Print, from the listing below, the lines starting at the line containing "Maou to Ore" and ending at the line containing "Cool Ka-kun sticker #11784126", exactly as they stand, and print nothing else.
--
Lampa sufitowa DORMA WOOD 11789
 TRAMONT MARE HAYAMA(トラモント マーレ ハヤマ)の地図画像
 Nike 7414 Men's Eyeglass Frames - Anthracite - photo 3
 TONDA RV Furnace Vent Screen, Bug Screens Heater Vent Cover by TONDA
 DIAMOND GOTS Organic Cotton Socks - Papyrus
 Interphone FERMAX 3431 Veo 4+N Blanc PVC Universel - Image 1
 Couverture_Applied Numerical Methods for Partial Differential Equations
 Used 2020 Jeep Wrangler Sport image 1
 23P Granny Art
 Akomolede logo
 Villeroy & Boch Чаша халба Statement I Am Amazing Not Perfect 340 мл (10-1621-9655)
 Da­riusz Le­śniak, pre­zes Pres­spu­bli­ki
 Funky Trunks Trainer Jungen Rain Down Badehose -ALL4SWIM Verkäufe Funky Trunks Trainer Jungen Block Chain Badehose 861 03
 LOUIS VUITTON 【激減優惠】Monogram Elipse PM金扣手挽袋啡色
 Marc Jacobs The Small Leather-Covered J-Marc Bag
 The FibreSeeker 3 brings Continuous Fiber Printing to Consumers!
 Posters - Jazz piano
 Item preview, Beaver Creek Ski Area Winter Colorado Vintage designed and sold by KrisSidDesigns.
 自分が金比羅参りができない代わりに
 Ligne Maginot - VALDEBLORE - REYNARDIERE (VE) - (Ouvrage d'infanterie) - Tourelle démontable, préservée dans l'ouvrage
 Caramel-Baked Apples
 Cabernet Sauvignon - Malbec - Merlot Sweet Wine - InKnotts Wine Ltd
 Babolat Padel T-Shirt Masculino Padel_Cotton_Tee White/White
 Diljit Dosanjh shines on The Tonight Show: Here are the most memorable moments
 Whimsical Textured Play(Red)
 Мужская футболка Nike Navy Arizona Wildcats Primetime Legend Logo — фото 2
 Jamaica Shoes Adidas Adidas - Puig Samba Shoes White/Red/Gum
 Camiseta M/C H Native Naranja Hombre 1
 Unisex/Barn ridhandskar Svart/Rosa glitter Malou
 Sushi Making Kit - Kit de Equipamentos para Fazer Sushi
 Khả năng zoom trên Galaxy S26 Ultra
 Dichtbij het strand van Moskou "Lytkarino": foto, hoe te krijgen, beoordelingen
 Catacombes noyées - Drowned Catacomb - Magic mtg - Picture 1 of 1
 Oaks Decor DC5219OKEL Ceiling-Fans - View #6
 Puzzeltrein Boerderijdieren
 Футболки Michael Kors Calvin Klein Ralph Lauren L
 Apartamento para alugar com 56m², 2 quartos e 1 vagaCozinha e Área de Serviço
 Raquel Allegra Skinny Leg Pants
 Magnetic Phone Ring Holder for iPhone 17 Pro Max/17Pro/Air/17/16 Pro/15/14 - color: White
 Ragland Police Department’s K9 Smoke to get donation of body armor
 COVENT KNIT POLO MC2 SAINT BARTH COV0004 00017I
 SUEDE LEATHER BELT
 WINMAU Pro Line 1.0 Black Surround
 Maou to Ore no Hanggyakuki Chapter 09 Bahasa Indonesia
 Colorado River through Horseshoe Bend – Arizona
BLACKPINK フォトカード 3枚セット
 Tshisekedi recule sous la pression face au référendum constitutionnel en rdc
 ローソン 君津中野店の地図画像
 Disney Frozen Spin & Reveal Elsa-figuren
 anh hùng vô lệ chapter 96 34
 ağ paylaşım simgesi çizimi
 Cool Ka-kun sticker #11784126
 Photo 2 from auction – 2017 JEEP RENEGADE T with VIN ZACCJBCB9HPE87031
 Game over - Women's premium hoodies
--
▸ **Exercise response**
 Maou to Ore no Hanggyakuki Chapter 09 Bahasa Indonesia
 Colorado River through Horseshoe Bend – Arizona
BLACKPINK フォトカード 3枚セット
 Tshisekedi recule sous la pression face au référendum constitutionnel en rdc
 ローソン 君津中野店の地図画像
 Disney Frozen Spin & Reveal Elsa-figuren
 anh hùng vô lệ chapter 96 34
 ağ paylaşım simgesi çizimi
 Cool Ka-kun sticker #11784126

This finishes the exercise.